**Work required**
The answer is the line containing "E8fa2537-CAM01085 G0-PR0655-STILL011" plus every line after it to the end of the material, retyped exactly and without the pictures.

**The data**
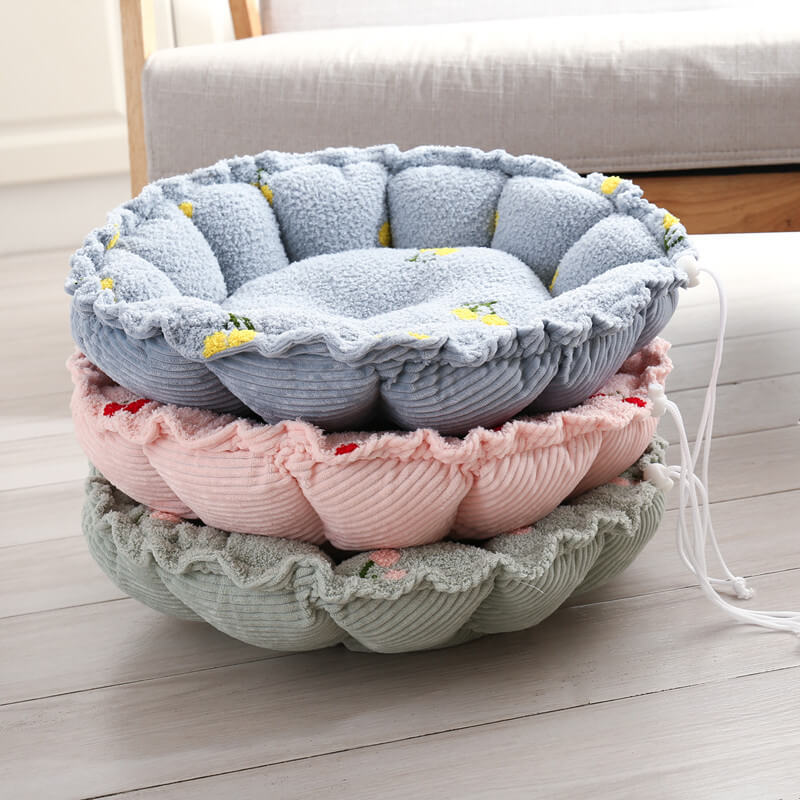 Soft Drawstring Design Fruit-Themed Cat Bed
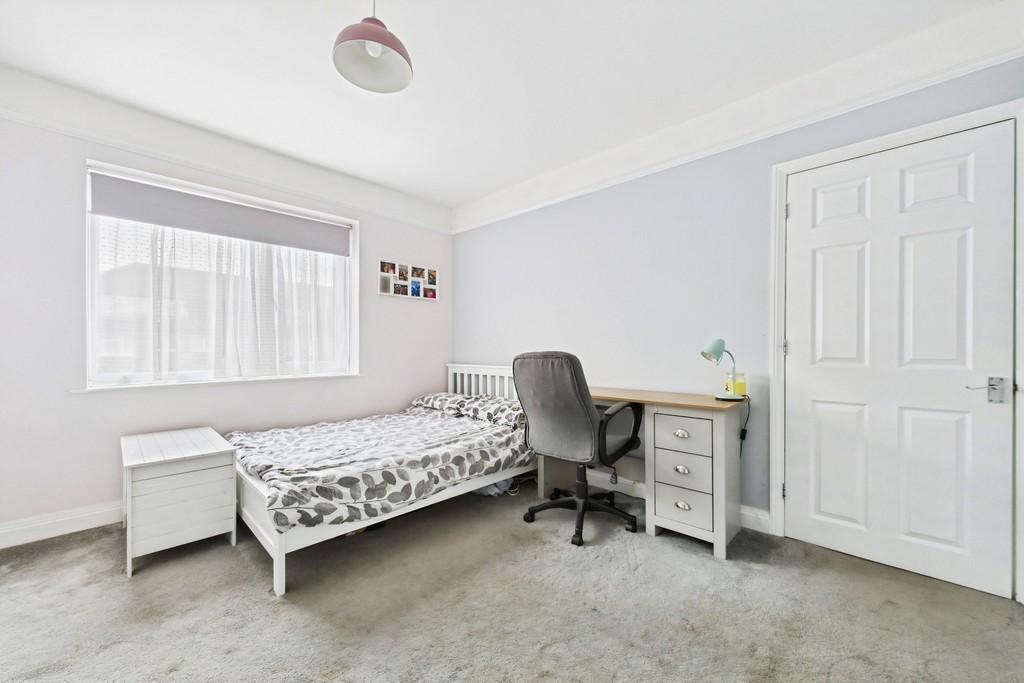 E8fa2537-CAM01085 G0-PR0655-STILL011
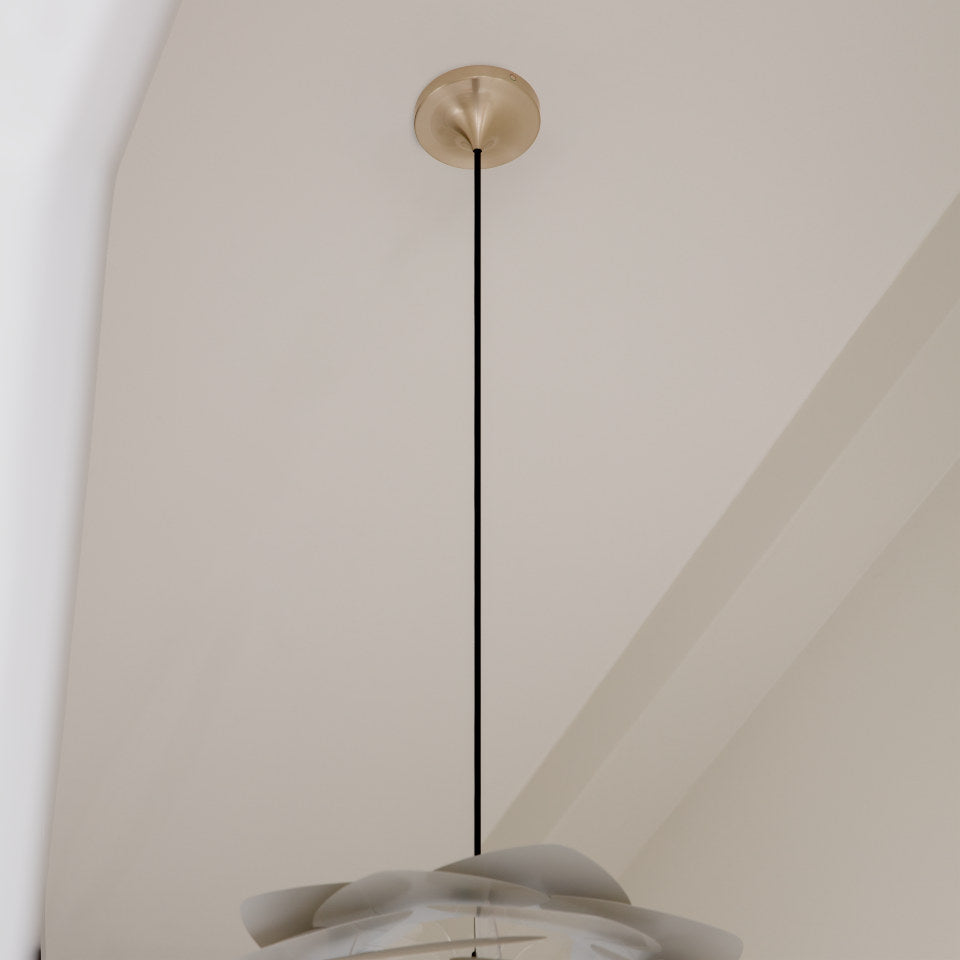 Cord Set Pro in Plated Brass präsentiert im Onlineshop von KAQTU Design AG. Kabel / Lampenfassung ist von Umage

**Task output**
 E8fa2537-CAM01085 G0-PR0655-STILL011
 Cord Set Pro in Plated Brass präsentiert im Onlineshop von KAQTU Design AG. Kabel / Lampenfassung ist von Umage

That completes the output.